(Brief descriptive captions)

*** Begin section ***

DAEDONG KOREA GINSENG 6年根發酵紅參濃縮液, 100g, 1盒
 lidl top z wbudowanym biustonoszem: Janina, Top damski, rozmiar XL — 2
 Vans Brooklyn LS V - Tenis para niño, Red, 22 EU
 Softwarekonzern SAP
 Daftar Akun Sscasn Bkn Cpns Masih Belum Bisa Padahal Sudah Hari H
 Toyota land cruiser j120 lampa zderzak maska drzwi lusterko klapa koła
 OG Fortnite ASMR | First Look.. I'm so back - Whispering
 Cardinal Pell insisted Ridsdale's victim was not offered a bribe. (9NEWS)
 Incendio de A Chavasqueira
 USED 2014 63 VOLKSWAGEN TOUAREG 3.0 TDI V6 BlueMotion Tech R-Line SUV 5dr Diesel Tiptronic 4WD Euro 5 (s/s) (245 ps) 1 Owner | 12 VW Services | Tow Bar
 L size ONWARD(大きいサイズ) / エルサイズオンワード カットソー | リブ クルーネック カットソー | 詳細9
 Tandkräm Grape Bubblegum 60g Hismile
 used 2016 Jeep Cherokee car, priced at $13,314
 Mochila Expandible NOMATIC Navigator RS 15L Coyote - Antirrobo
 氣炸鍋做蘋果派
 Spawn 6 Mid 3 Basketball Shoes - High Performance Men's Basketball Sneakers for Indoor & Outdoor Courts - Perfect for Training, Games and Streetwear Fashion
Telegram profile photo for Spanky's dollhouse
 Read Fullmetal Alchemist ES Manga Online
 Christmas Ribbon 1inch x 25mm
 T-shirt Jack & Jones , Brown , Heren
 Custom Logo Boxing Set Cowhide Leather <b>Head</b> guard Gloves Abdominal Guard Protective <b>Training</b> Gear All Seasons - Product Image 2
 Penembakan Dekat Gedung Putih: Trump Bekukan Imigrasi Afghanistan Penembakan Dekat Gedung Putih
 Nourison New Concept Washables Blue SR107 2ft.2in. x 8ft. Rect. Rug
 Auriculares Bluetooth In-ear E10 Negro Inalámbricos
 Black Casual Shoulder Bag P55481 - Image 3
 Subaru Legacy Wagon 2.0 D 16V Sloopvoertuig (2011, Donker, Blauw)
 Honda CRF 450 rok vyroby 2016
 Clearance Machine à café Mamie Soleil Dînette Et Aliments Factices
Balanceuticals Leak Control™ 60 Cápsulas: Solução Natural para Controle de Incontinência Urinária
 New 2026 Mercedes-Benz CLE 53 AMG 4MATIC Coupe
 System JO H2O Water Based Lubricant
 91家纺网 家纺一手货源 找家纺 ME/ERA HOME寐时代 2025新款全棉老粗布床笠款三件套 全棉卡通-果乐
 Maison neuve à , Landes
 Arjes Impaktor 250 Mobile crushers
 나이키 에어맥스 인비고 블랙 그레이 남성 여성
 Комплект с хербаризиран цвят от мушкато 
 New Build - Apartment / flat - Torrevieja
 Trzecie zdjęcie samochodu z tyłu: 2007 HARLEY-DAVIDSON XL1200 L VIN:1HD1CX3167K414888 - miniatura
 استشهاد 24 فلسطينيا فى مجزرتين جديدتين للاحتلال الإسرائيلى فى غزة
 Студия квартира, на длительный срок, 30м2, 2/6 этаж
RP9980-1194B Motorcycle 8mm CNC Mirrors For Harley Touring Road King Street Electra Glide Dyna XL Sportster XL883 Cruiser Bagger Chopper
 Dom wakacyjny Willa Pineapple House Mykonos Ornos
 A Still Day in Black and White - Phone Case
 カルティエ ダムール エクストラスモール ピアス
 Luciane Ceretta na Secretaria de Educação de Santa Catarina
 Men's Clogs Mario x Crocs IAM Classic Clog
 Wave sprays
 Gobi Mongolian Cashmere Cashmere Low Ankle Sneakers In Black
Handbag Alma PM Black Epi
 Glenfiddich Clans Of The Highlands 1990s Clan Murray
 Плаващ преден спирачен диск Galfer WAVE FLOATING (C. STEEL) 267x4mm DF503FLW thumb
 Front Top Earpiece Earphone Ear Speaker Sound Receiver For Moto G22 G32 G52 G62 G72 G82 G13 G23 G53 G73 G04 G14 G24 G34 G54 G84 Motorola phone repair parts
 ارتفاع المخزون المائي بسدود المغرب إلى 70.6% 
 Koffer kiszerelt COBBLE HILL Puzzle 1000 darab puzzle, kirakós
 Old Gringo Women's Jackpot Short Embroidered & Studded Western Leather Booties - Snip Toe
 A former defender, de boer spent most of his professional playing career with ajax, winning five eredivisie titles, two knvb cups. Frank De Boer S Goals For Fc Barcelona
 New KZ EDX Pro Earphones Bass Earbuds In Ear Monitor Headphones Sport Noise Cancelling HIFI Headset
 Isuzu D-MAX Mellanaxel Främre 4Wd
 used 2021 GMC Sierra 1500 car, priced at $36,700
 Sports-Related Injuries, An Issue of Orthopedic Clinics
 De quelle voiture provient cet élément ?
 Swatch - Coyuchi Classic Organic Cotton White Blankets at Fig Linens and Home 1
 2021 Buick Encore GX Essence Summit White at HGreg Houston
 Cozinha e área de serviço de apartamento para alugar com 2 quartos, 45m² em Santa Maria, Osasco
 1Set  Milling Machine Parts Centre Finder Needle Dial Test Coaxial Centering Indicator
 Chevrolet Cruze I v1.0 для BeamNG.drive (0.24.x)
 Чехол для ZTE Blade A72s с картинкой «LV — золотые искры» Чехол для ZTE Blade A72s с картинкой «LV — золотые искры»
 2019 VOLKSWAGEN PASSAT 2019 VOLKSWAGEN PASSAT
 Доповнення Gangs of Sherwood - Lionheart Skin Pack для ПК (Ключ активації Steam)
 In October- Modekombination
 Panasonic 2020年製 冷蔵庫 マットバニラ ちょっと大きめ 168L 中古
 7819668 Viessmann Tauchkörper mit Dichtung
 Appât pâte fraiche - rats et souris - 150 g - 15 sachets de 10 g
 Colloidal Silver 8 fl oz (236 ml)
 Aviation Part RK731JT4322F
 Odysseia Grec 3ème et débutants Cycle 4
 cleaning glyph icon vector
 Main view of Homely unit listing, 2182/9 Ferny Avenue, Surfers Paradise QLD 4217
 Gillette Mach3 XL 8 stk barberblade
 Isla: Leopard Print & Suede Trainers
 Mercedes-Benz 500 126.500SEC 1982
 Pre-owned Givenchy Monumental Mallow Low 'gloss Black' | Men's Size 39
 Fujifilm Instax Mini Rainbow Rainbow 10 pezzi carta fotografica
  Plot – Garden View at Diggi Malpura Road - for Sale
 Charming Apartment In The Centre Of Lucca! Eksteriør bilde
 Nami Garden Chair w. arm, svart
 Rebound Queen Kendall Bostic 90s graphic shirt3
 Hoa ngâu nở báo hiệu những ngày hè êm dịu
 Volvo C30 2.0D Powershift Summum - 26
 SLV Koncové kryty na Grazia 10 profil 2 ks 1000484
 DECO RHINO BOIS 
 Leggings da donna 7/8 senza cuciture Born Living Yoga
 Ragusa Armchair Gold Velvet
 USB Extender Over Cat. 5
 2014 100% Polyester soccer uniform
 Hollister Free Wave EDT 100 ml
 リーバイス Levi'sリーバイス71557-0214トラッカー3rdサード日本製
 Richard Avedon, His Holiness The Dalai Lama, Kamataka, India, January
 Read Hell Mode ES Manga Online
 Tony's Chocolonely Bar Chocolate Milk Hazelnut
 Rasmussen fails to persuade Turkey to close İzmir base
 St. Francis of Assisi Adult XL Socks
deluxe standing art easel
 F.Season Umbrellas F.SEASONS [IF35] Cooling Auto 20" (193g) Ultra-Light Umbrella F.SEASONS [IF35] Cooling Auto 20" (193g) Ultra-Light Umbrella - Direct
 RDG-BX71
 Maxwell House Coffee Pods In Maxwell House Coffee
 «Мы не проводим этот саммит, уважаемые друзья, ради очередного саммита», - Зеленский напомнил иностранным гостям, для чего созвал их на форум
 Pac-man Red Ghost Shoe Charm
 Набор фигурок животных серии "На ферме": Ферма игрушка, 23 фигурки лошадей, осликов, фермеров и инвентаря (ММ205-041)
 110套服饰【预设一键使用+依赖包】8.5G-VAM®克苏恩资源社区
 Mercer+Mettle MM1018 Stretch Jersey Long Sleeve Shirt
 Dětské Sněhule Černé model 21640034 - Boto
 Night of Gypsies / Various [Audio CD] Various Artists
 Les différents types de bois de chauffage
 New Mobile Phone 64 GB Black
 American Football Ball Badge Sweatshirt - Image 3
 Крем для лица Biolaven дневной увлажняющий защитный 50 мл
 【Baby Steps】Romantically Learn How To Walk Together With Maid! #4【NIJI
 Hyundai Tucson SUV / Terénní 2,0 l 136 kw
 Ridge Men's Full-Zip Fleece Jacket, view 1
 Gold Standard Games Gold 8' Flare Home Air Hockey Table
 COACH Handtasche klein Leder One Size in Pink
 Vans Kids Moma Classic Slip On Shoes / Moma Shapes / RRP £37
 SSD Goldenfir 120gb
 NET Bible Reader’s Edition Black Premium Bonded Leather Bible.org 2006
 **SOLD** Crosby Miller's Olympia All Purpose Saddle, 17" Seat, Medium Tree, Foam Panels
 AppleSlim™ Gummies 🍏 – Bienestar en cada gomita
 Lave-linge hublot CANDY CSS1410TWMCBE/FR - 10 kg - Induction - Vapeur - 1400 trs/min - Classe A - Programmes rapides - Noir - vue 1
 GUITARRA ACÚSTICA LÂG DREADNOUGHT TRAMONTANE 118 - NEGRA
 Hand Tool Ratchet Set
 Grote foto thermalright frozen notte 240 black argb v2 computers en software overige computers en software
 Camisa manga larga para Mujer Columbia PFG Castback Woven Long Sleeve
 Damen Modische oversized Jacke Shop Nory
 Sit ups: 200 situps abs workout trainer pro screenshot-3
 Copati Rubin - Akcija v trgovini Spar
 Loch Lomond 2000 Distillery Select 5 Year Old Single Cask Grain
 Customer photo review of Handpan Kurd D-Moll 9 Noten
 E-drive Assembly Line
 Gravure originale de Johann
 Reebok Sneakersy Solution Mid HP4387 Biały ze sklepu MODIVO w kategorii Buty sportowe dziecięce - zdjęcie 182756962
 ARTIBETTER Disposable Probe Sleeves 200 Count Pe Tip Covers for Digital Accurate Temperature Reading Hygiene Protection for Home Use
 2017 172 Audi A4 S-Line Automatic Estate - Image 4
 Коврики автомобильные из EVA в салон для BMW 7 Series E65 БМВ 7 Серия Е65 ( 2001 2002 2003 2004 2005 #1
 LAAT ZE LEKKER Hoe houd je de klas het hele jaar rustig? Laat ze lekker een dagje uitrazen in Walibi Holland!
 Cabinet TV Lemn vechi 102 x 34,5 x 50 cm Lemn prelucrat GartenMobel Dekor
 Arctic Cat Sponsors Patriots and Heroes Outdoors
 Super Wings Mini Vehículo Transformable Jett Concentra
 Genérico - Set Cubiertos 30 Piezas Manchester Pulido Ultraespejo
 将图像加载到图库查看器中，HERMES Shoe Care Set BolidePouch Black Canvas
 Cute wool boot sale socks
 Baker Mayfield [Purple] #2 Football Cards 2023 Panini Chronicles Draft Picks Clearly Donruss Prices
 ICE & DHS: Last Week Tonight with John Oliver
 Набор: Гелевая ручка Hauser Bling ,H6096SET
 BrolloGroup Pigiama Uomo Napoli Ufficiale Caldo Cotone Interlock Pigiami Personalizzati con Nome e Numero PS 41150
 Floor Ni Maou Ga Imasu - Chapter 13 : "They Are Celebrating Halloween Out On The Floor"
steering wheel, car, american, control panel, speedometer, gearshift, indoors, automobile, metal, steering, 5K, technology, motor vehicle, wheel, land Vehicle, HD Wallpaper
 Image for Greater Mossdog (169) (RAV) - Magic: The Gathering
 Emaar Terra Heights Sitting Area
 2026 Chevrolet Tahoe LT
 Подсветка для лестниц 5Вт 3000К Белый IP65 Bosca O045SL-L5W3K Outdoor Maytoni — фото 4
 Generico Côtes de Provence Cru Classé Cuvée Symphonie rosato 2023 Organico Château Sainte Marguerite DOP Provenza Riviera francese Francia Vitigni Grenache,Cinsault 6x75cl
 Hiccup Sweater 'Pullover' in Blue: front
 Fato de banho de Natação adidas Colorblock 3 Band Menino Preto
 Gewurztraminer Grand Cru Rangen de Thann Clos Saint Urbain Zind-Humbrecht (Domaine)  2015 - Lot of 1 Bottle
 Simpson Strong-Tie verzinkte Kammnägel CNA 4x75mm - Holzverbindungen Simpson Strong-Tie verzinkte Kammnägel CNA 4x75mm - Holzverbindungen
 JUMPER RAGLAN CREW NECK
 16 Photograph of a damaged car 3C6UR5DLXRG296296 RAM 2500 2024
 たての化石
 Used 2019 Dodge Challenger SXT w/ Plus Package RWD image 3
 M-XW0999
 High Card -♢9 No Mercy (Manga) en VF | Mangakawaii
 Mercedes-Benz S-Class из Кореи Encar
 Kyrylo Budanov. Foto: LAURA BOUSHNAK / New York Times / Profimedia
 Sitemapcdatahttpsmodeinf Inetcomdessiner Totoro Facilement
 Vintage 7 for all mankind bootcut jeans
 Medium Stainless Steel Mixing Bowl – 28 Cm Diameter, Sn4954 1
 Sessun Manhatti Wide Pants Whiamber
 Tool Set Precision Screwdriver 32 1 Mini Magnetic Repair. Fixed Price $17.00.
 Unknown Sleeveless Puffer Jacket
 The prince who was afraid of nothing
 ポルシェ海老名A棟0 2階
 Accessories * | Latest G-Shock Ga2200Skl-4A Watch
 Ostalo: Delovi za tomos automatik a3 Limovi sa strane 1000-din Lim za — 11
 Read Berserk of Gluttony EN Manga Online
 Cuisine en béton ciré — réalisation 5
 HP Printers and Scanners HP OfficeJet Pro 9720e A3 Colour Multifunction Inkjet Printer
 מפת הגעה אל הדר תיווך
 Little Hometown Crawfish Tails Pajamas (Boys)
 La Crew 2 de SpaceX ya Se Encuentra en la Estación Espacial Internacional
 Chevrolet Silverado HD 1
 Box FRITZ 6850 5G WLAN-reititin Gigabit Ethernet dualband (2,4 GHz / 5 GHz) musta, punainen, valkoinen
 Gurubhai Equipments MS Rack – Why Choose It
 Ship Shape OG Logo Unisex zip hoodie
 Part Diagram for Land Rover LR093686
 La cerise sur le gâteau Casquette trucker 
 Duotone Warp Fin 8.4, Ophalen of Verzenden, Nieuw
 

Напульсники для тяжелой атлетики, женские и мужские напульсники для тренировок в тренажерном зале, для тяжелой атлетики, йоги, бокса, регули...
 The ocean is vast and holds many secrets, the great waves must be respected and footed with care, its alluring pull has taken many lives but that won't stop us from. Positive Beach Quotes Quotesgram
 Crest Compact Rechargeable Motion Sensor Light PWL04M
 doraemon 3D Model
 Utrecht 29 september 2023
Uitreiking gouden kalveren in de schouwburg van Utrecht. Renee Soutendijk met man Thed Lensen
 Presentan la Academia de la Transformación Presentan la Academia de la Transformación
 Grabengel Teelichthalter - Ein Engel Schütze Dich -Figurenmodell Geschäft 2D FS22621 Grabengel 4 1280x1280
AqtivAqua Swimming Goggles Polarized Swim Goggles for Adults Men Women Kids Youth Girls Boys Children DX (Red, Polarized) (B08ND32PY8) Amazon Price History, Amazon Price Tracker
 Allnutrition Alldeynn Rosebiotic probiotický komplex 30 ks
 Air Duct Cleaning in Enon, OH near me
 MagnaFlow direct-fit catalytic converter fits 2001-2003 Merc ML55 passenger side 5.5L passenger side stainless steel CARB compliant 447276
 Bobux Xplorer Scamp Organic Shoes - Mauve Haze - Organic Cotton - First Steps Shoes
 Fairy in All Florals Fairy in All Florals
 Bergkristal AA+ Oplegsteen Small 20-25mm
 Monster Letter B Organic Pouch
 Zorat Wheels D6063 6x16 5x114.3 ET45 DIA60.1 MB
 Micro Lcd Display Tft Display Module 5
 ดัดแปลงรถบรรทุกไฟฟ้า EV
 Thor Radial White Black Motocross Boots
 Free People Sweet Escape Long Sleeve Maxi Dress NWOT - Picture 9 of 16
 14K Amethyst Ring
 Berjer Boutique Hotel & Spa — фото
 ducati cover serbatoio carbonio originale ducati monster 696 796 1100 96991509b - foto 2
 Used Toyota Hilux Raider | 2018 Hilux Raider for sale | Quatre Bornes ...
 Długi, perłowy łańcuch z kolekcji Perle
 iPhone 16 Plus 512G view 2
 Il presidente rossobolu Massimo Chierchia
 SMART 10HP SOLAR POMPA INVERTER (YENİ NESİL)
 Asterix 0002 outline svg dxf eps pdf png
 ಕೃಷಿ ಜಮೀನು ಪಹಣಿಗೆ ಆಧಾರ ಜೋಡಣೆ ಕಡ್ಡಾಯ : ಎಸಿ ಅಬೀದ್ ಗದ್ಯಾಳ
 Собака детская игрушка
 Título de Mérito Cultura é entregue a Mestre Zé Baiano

*** End section ***

◆ **WHAT YOU ARE ASKED TO DO**: Whenever a line of the entries contains the string "First", copy that line.

◆ **COMPLETED EXERCISE**:
 OG Fortnite ASMR | First Look.. I'm so back - Whispering
 Bobux Xplorer Scamp Organic Shoes - Mauve Haze - Organic Cotton - First Steps Shoes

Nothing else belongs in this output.